Factor Graphs and the Matter of Security

In 2017, Equifax had a security breach. The breach caused millions of users’ personal information to be compromised. In 2018, in my data science class, we applied some knowledge on data science, factor graphs, and a bit of networking to detect these kind of attacks.

The Equifax Attack

To understand this project, we need to take a look back at an attack that happened to Equifax in 2017. In essence, Equifax, one of the big three consumer credit reporting agencies, was successfully breached, compromising the data of 145.5 million people. The data includes names, Social Security numbers, birth dates, addresses, and credit card numbers.

Equifax’s competency has been put into question following the attack. If you looked into it, it’s basically a case study into “how not to have secure systems” and “how not to handle your customers following a data breach”. To briefly go over the latter, they took six weeks after the breach to notify their customers, execs sold off almost $2 million of stocks, and they offered free credit monitoring and identity theft protection, but those who took advantage might have waived their right to join a class action lawsuit. Read more about that here and here.

To talk about their inability to have secure systems, basically, they didn’t update their Apache Struts software. If there’s any lesson you want to draw right now, it’s don’t be like Equifax – update your software.

The Project

The goal at hand is to analyze network traffic and use a factor graph to detect (and ideally stop) a similar attack.
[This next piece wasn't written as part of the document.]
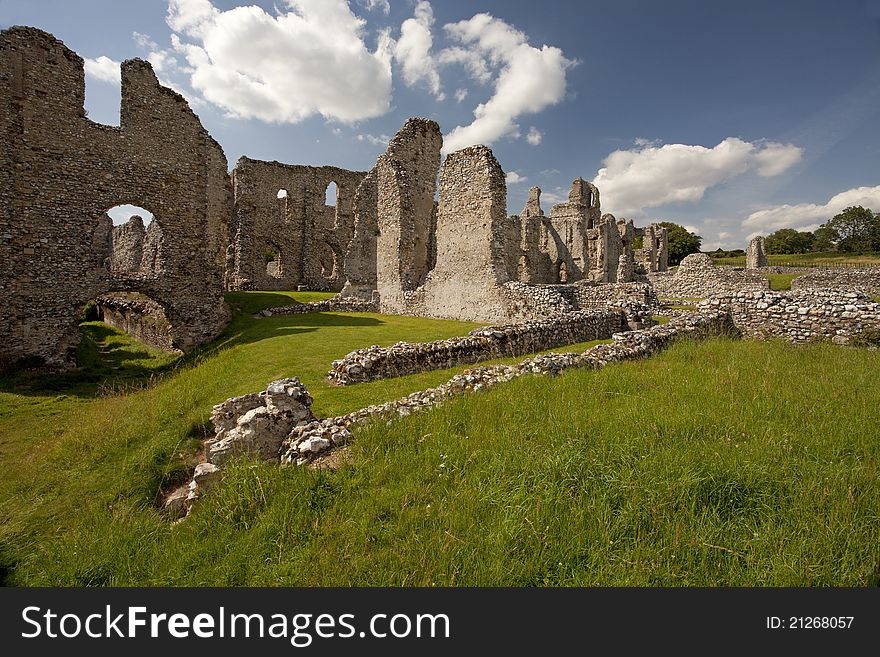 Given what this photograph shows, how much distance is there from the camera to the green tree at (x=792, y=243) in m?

The data was provided as HTTP and DNS network packet captures and OSQuery activity logs from the recreated attack.

Using Python to Analyze Networks

Before we get started, how do we use Python to analyze networks? Wireshark is a popular network protocol analyzer. With it, you can observe incoming and outgoing traffic. PyShark is a wrapper that lets you use analyze data from Wireshark. Within the project, the data was in the form of packet capture files (pcaps), which PyShark is able to convert into Python-usable data.

Right after that, I was able to convert them into pandas-usable dataframes.

Among the elements available in each packet, I grabbed the source IP, the timestamp, the packet length, the destination IP, the destination port, and the highest layer the data came from.

On the Attack

So how did the attack work? The attack started by initiating a scan with /showcase.action. Going through the HTTP packet capture, we can log all instances of /showcase.action, timestamp, source IP, destination IP, and port.

We can answer a few questions from this: who’s attacking, where are they attacking from, when did they commence the attack, and where are the vulnerabilities? Here, 172.17.0.1 is the attacking IP, while 172.17.0.2 at port 8080 make up the vulnerable server and port. The attack in this simulation began somewhere around 12:41 pm on March 3, 2018.

When we look into the Content-Type headers from the IP, it becomes definitely apparent that 172.17.0.1 is the attacker. From the packet capture, we looked at the length of content header and the actual content.

The attacker tested the waters by modifying some data (packets 413, 434, and 449), before beginning a hijack (packets 524 onward). For brevity, I’ll give the high level of what the attacker did. The attacker was able to execute terminal commands remotely (look for any #cmd=). Now with root privilege, the attacker is able to remotely download a module and replace the legitimate module in the system with it. We can look to the OSQuery logs and verify this happened.

Additionally, the attacker was able to extract both the public and private RSA keys, noted in this section of the packet capture:

We also would like to know who was making DNS requests, and by looking at DNS responses, we find that 162.212.156.148 is the malicious server. Not only is it going to dodgy sites, but it is also sending unusually long responses.

Let’s do some actual data analysis. Instead of looking at DNS responses, let’s look at DNS queries, specifically query lengths of legitimate versus malicious queries:

It’s clear that there are quite more malicious queries being made, and the length of these queries are far greater than legitimate queries.

So far, we’ve identified the attacker, what the attacker did, and we have an indicator for malicious queries. So, how do we detect an attack?

The Factor Factor

Let’s go over a factor graph. A factor graph is a bipartite graph that represents the factorization of a function. In probability theory, we use these to represent the factorization of a probability distribution. The vertices are either factors or variables, while the edges connect variable vertices with factor vertices only if the variable is part of the factor. What’s nice about these graphs is that they can be used to quickly calculate marginal distributions, and in this case, they can be used for inference.

Above is the factor graph used, where we keep track of events (E) over time and try and deduce what state (S) the system is in with respect to an attack. Events include Scan, Login, Sensitive URI, New Kernel Module, and DNS Tunneling, while the stages include Benign, Discovery, Access, Lateral Movement, Privilege Escalation, Persistence, Defense Evasion, Collection, Exfiltration, Command and Control, and Vulnerable Code Execution.

At this point, all that had to be done was build the factor graph and infer at each stage. The way our model worked out, it was by time-step 7 that the recommended action would be to stop.